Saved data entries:
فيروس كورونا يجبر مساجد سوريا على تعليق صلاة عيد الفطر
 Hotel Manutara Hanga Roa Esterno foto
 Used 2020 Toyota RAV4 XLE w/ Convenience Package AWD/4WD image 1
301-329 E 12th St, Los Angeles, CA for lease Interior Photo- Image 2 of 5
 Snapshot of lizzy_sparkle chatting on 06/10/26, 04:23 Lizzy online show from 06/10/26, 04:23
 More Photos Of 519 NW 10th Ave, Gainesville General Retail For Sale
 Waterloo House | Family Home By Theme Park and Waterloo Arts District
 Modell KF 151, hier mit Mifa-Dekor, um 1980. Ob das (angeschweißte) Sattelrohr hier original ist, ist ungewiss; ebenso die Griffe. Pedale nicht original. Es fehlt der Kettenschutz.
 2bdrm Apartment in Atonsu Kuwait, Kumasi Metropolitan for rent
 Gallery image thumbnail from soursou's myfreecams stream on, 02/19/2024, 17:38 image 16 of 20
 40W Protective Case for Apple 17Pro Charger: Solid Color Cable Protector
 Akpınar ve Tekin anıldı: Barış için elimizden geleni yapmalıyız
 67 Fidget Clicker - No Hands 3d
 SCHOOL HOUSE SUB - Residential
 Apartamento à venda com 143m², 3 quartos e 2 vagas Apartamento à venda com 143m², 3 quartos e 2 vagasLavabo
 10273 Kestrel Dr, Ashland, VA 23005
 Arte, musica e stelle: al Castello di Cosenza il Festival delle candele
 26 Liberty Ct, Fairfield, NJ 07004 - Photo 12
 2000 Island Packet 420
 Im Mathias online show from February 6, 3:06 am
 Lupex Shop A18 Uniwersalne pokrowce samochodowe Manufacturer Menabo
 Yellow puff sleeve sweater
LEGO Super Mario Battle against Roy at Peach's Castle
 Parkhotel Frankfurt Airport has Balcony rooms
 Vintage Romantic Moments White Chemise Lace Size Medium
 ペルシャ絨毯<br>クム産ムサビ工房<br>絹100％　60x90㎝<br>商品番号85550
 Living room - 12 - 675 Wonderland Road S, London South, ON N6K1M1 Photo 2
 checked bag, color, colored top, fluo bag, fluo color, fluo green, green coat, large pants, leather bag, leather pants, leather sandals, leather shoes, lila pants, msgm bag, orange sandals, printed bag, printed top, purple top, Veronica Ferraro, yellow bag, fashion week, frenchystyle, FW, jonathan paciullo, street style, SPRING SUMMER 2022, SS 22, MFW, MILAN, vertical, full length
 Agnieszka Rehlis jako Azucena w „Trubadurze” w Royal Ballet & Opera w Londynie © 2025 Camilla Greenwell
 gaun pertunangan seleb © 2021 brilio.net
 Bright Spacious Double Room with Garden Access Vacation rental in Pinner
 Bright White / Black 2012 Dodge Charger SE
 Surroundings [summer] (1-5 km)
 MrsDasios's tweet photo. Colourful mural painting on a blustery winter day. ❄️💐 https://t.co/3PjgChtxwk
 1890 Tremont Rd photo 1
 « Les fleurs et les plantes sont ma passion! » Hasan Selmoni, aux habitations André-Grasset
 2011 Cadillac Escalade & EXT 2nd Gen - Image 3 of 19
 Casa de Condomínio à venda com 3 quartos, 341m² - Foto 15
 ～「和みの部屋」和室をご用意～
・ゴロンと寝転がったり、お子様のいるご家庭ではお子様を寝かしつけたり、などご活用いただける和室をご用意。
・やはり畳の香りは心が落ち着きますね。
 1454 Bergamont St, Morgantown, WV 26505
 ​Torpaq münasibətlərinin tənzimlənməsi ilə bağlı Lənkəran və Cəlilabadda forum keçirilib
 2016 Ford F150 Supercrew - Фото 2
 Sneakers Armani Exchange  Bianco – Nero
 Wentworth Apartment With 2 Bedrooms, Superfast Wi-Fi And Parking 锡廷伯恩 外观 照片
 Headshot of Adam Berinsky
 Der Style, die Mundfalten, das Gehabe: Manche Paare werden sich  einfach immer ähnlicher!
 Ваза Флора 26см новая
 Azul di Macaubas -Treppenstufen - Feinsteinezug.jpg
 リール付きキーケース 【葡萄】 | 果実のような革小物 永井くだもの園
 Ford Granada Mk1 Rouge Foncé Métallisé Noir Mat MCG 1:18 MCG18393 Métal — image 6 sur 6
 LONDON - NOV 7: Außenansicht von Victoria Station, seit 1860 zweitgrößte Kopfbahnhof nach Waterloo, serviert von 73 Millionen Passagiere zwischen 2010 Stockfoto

### WHAT IS EXPECTED
After identifying the lines above that contain "quartos", copy each one.

### EXPECTED OUTPUT
 Apartamento à venda com 143m², 3 quartos e 2 vagas Apartamento à venda com 143m², 3 quartos e 2 vagasLavabo
 Casa de Condomínio à venda com 3 quartos, 341m² - Foto 15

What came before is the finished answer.